(Work to complete): Output the entries as they appear, skipping images.

━━ Source records ━━

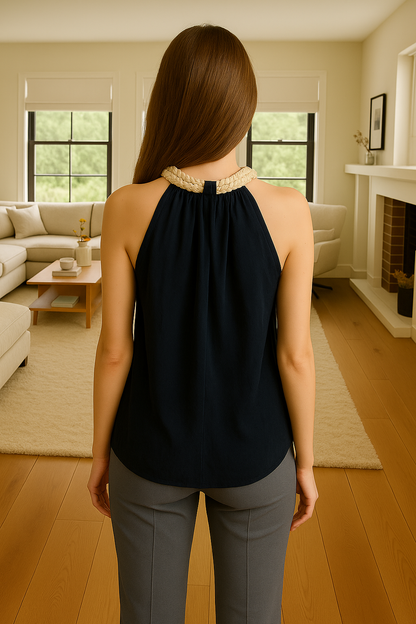 Braided Neck Top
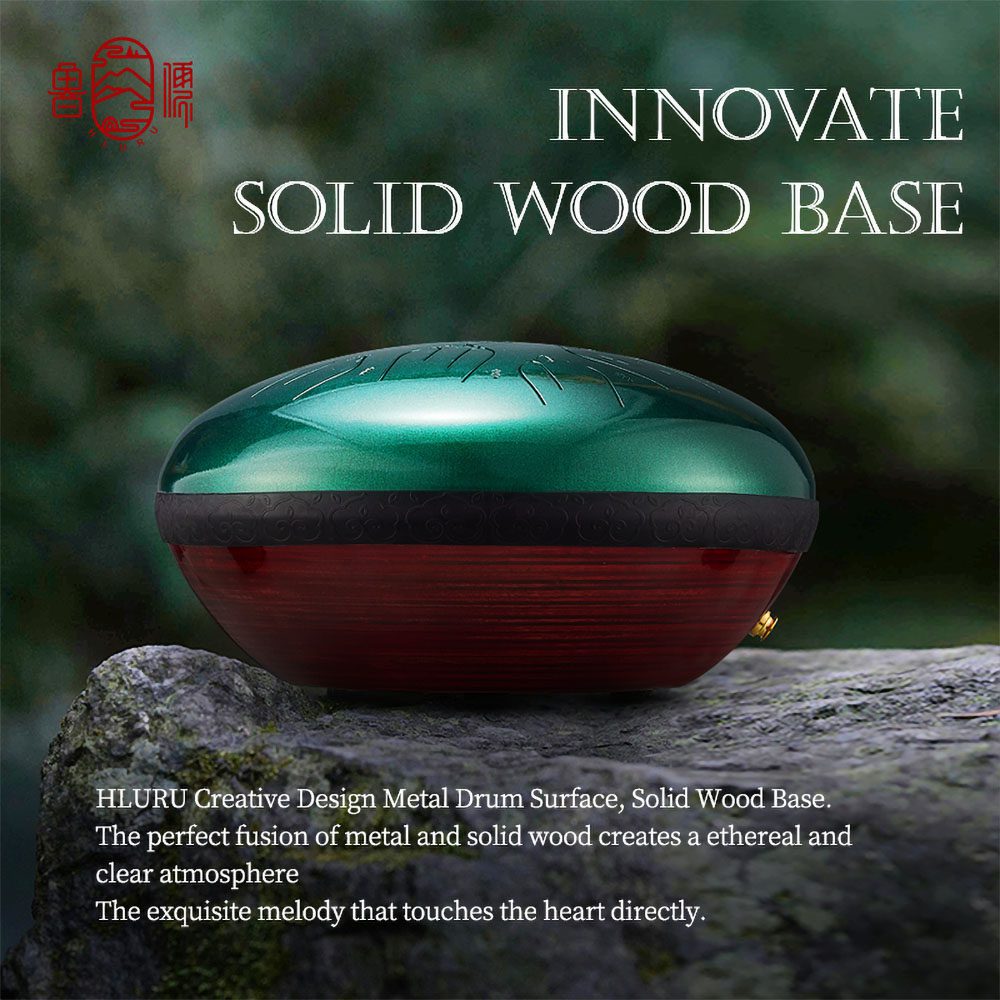 HLURU Tongue Drum EQTB10-12 Jewel Green (31 cm, Microalloyed Steel) (+ case) - Image 2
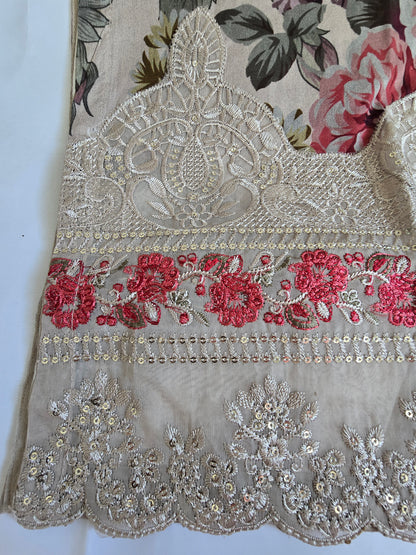 Minsa Collection Beige Multi-Fabric 3-Piece Floral Printed Suit | Cutwork & Sequin Embroidered Hem | Pakistani Casual & Semi-Formal Wear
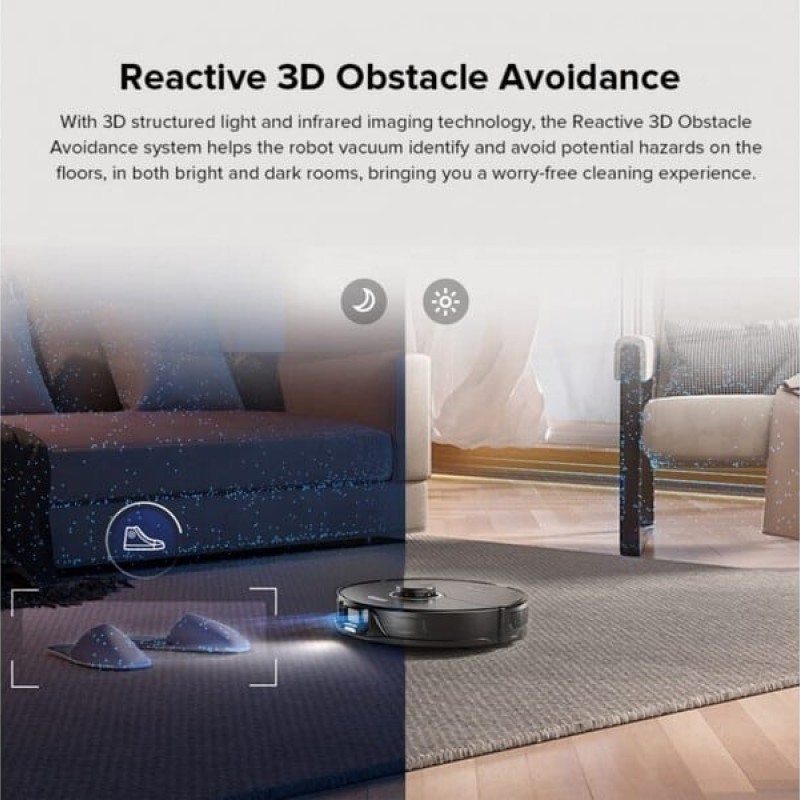 Roborock S8+ Σκούπα Ρομπότ για Σκούπισμα & Σφουγγάρισμα με Χαρτογράφηση και Wi-Fi Μαύρη (S8P52-00)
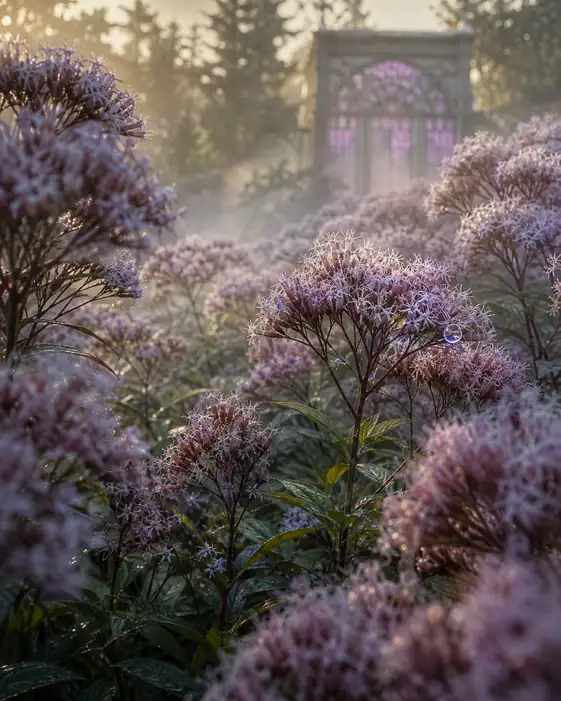 Morning Sunbeams over the Greenhouse and Dew-Laden Thoroughwort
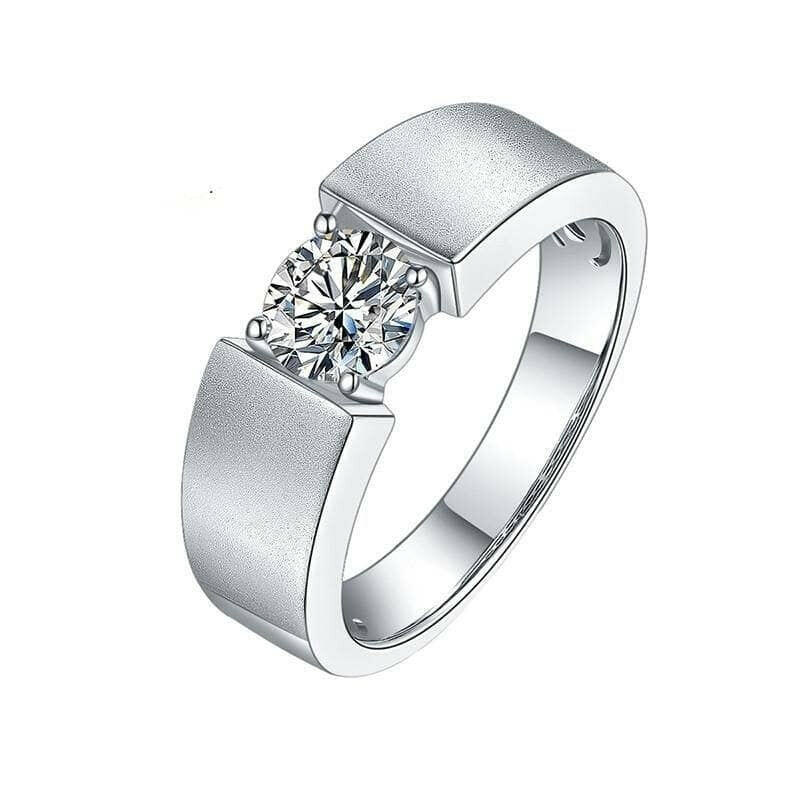 Flash Sale- Antique 6.5mm Moissanite Men's Wedding Ring-Evani Naomi Jewelry
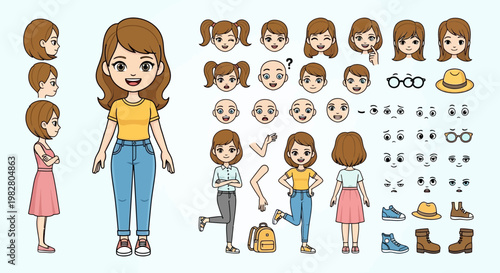Young Girl Character Creator Kit: Front, Side, Back Views, Expressions, Outfits, Accessories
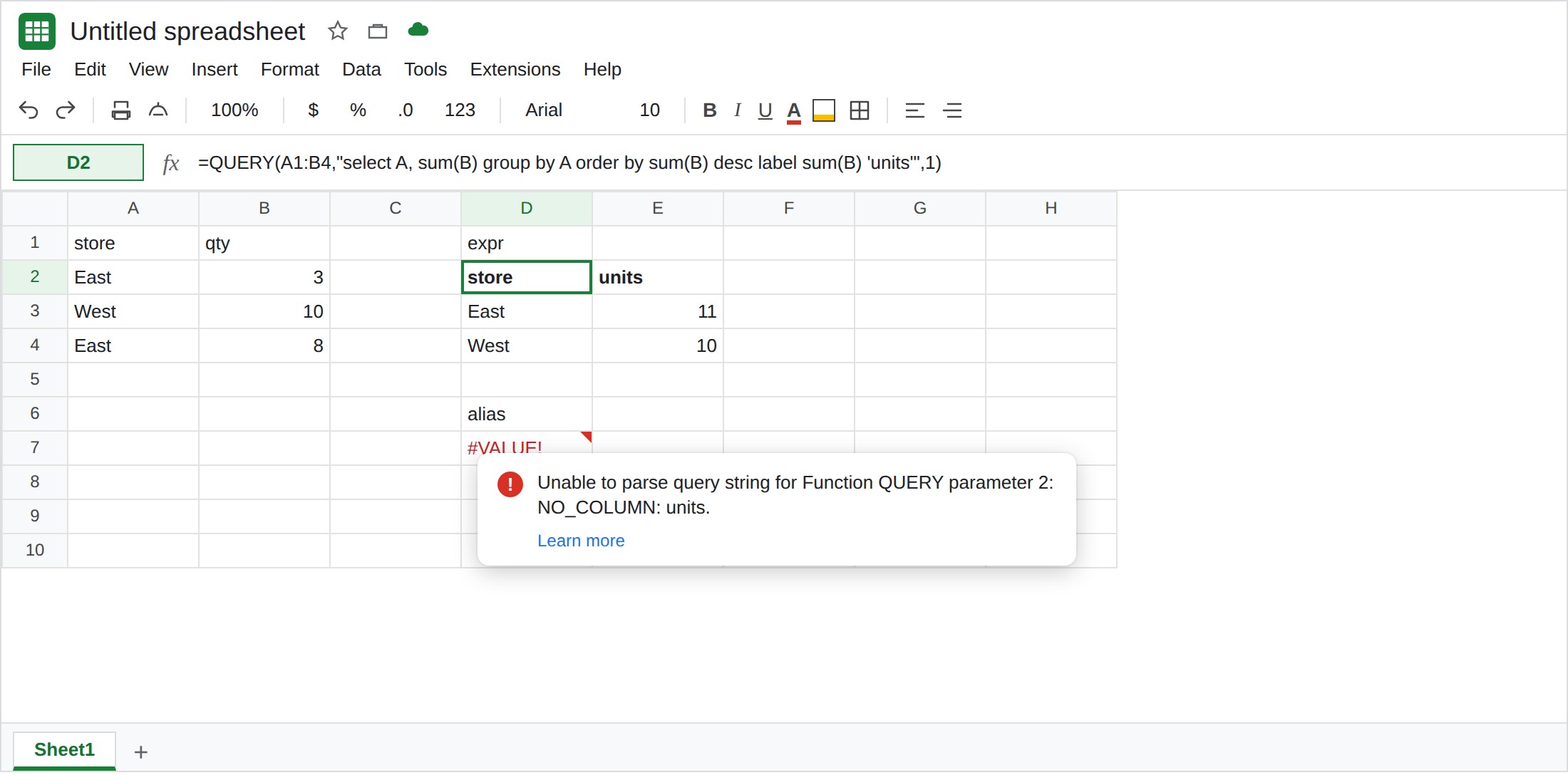 D2 selected. Formula bar shows order by sum(B) desc label sum(B) 'units'. Spill is East 11 then West 10. D7 is still #VALUE! with NO_COLUMN: units.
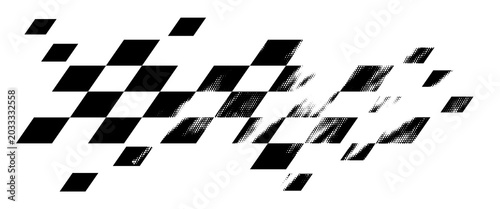 Distorted checkered flag speed pattern, pixelated racing motion design for motorsport graphics and layouts, transparent background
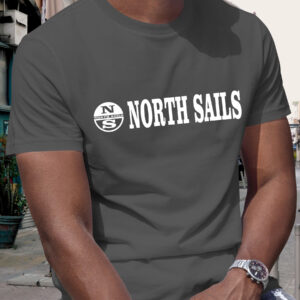 Men'S "NORTH SAILS" Graphic T-Shirt - Casual Crew Neck, Short Sleeve, Summer Fashion Top with Sailing Ship Design, Dark Color, Lightweight Polyester Blend for Casual Attire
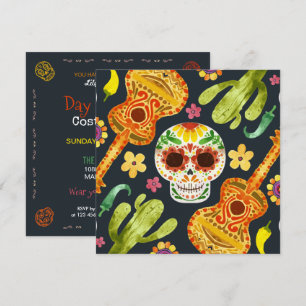 Sugar Skull & Guitars Dia de Muertos-inbjudan Inbjudningar
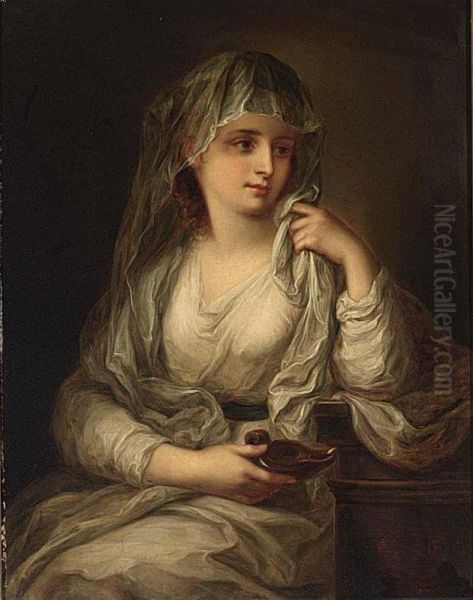 Portrait Of A Lady As One Of The Vestal Virgins Oil Painting by Cornelis Kruseman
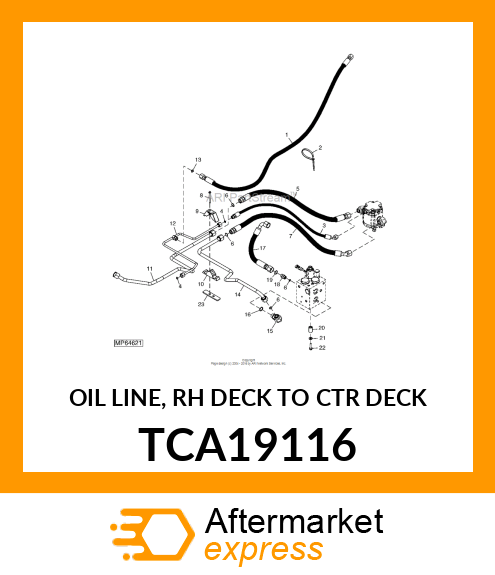 OIL LINE, RH DECK TO CTR DECK TCA19116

━━━

(Response):
 Braided Neck Top
 HLURU Tongue Drum EQTB10-12 Jewel Green (31 cm, Microalloyed Steel) (+ case) - Image 2
 Minsa Collection Beige Multi-Fabric 3-Piece Floral Printed Suit | Cutwork & Sequin Embroidered Hem | Pakistani Casual & Semi-Formal Wear
 Roborock S8+ Σκούπα Ρομπότ για Σκούπισμα & Σφουγγάρισμα με Χαρτογράφηση και Wi-Fi Μαύρη (S8P52-00)
 Morning Sunbeams over the Greenhouse and Dew-Laden Thoroughwort
 Flash Sale- Antique 6.5mm Moissanite Men's Wedding Ring-Evani Naomi Jewelry
Young Girl Character Creator Kit: Front, Side, Back Views, Expressions, Outfits, Accessories
 D2 selected. Formula bar shows order by sum(B) desc label sum(B) 'units'. Spill is East 11 then West 10. D7 is still #VALUE! with NO_COLUMN: units.
 Distorted checkered flag speed pattern, pixelated racing motion design for motorsport graphics and layouts, transparent background
 Men'S "NORTH SAILS" Graphic T-Shirt - Casual Crew Neck, Short Sleeve, Summer Fashion Top with Sailing Ship Design, Dark Color, Lightweight Polyester Blend for Casual Attire
 Sugar Skull & Guitars Dia de Muertos-inbjudan Inbjudningar
 Portrait Of A Lady As One Of The Vestal Virgins Oil Painting by Cornelis Kruseman
 OIL LINE, RH DECK TO CTR DECK TCA19116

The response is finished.